Forgiveness, Commander of the Faithful! Divine reckoning!
Whatever good you do will reap a divine reward.
They did great evil. If you are able to forgive –
And the greatest forbearance that can be imagined
Is the forbearance of an angry man –
The nobles will drive them from the valleys of Mecca
As will Yemenis with their striped swords
Yazid II rejected Kuthayyir’s argument. He said the poet was swayed by the Muhallabids’ former patronage. Yazid II invited anyone with a blood debt against the rebels to come and claim a prisoner. 200 Muhallabids were executed in this fashion. Nonetheless, the family survived and became quite influential in later centuries.
At your table, you don’t need a rebellion to use this poem. All you need is someone passing judgement over someone who’s wronged them – or better yet, passing judgement over someone related to the wrongdoer, the real culprit being dead or unavailable. The PCs can join in to help plead for mercy. If that doesn’t work, they can manufacture a claim to having been wronged so they can execute the defendant, but actually set them free. If the PCs are on the anti-mercy side, they can argue against the poet and try to sniff out manufactured claims. I’d like to think few players would be on the anti-mercy side, though.

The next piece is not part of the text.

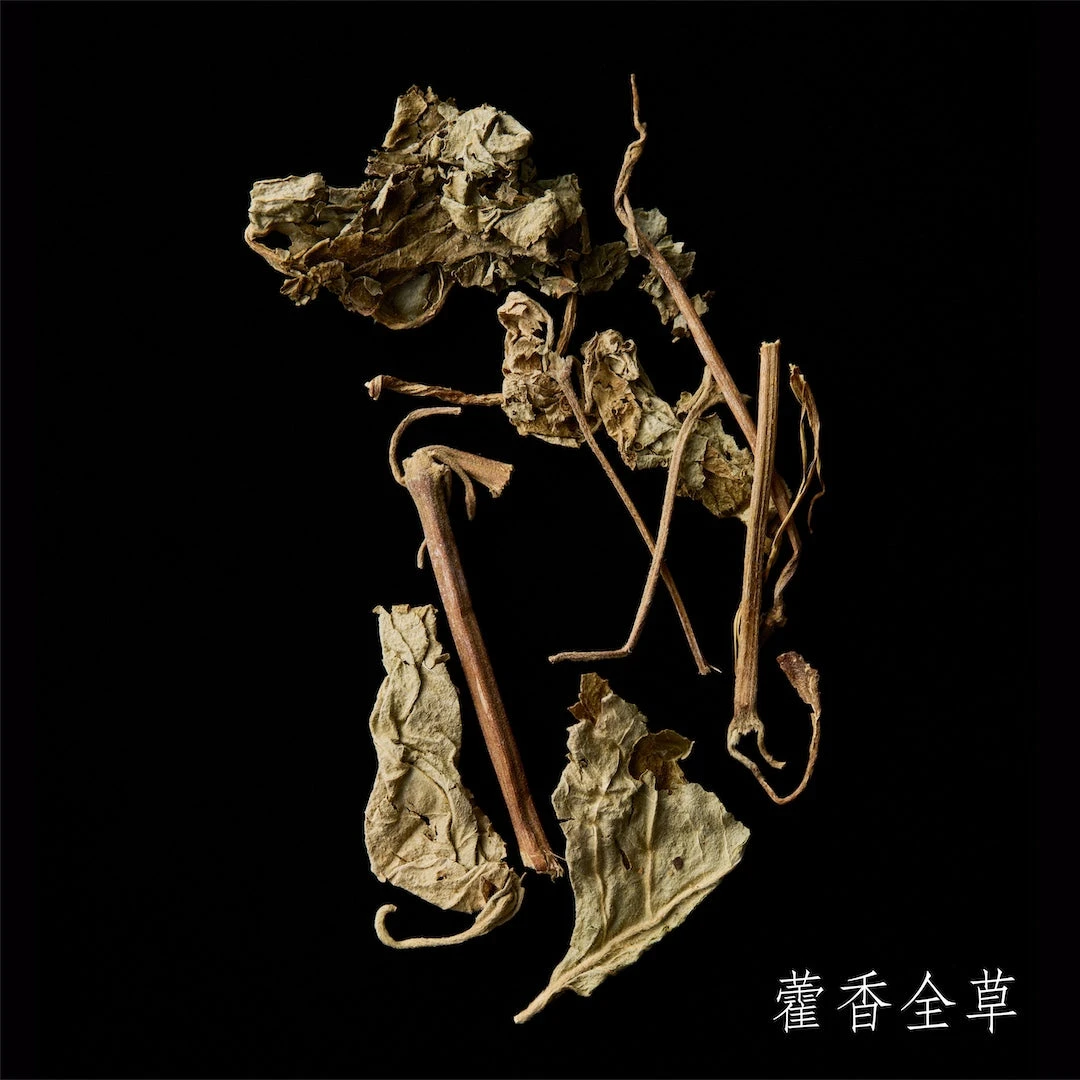 Fragrant Materials / No.051 Patchouli - &INCENSE 4 Fragrant Materials / No.051 Patchouli - &INCENSE - Image 2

In 128 A.H. (745-746 A.D.), Caliph Marwan II put down a Kharijite rebellion in Iraq. The Kharijites were a peculiar sect of Islam that no longer exists. It stood alongside Sunni and Shia Islam and was arguably more important than the latter for the first two centuries of the religion. Kharijites believed that only God could pass judgement over people. At the time, Islam was riven with factionalism and civil wars, which the Kharijites interpreted as different sides casting judgement on one another. Therefore, anyone who was part of a faction (e.g. any Muslim who wasn’t a Kharijite) was not a Muslim at all but a heretic and needed to be purged. “But Tristan,” you say, “Doesn’t that make the Kharijites a faction that casts judgement on people?” Of course it does, but most of our surviving sources from this era are distinctly anti-Kharijite. The Kharijites lost big, and we can’t entirely trust their enemies to faithfully record their beliefs and grievances. So while my description of the Kharijites is fairly orthodox, it also needs to be taken with a grain of salt.

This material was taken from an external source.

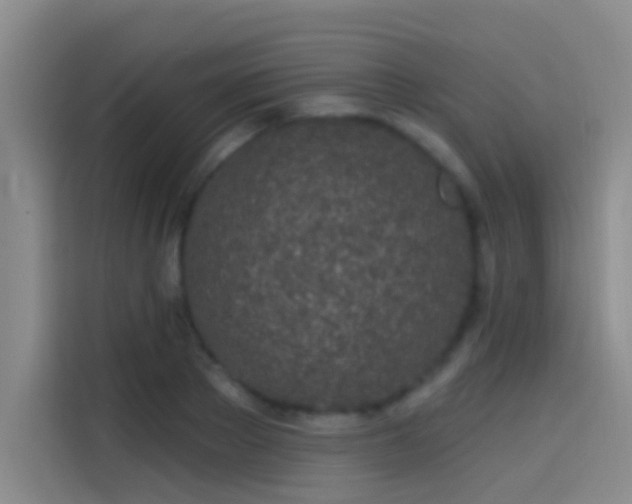 X0000114080889200910131234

Khalifa puts the following poem in the mouth of a Kharijite widow who lost in this year’s rebellion her father, brother, husband, mother, and paternal and maternal aunts:
Who is there to give comfort to a heart wracked by sadness
Or to a soul that has no peace?
The pious ones have departed and gone away
The best family there is has gone
A family that is dead
Whatever they did was good
They faced the swords in battle
Unflinchingly and were no cowards
Kharijites who sold themselves to God
And by Him were not defrauded
They pursued the pleasure of their Lord
When religion and law had died
These people attained what they sought:
God’s blessings unprecedented
There weren’t many Kharijite rebellions after this one. The hardliners were crushed, their religion exterminated. From the Kharijites, though, grew a new sect: Ibadi Islam. Today it is the third major sect of the religion (though a distant third) and the dominant religion in Oman. Ibadis are not Kharijites and – given the latter’s (perhaps unfair) reputation as blood-mad zealots – Ibadis don’t much appreciate being compared to them. But they are theological descendants of much more moderate Kharijites. Perhaps the grieving widow above might take some comfort in that.
At your table, you again do not need a giant, full-scale rebellion to use this poem. All you need is a dissident group, some of whose members were killed by the state. That same state might ask the PCs to monitor this widow. She’s so public in her support for the dissidents that whoever contacts her is probably someone worth surveilling. The PCs will have to choose. Do they mistrust the dissidents enough to go along with the state? Do they find the situation distasteful enough to walk away and earn the state’s ire? Or do they side with the widow and forge ties with her people?